Extracted data
*** Block opens ***

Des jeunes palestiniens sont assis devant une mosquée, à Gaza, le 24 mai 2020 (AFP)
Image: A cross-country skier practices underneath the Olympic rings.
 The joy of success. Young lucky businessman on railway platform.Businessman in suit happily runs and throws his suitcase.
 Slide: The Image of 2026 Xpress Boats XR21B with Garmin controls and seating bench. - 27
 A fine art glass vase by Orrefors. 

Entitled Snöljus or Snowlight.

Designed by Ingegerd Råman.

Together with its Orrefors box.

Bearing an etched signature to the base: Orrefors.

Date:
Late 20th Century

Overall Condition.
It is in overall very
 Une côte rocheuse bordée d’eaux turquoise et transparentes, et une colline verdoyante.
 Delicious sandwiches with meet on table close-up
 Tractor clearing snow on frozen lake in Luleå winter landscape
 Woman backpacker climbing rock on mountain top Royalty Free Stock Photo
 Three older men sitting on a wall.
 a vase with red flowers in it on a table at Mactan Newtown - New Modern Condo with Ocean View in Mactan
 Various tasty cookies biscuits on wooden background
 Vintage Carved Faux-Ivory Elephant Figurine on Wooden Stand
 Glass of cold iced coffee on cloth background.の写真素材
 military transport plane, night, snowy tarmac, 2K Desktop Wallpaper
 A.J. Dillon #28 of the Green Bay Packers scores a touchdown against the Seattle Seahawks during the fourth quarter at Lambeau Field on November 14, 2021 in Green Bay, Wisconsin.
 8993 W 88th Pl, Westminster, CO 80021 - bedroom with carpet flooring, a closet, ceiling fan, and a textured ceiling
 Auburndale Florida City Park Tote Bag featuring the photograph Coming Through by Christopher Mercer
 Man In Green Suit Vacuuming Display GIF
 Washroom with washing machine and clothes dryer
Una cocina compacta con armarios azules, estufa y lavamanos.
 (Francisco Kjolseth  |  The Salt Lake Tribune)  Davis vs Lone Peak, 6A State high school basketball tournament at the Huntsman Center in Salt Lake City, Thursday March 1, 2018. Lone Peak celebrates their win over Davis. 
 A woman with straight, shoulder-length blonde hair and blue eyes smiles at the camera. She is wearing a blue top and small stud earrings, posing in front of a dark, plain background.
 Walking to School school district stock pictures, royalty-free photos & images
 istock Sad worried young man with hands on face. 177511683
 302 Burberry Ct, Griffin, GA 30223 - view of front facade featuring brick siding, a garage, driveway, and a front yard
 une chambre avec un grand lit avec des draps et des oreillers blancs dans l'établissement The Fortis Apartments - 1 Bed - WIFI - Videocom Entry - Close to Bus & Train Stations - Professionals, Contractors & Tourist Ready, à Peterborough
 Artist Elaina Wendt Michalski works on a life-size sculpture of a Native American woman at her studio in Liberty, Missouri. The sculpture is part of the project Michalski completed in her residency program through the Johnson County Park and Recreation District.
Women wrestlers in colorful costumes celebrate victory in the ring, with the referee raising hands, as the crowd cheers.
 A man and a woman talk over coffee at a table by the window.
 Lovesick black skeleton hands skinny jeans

*** Block closes ***

Task instructions
In the material, find each line with the word "Green" and list it.

Task output
 A.J. Dillon #28 of the Green Bay Packers scores a touchdown against the Seattle Seahawks during the fourth quarter at Lambeau Field on November 14, 2021 in Green Bay, Wisconsin.
 Man In Green Suit Vacuuming Display GIF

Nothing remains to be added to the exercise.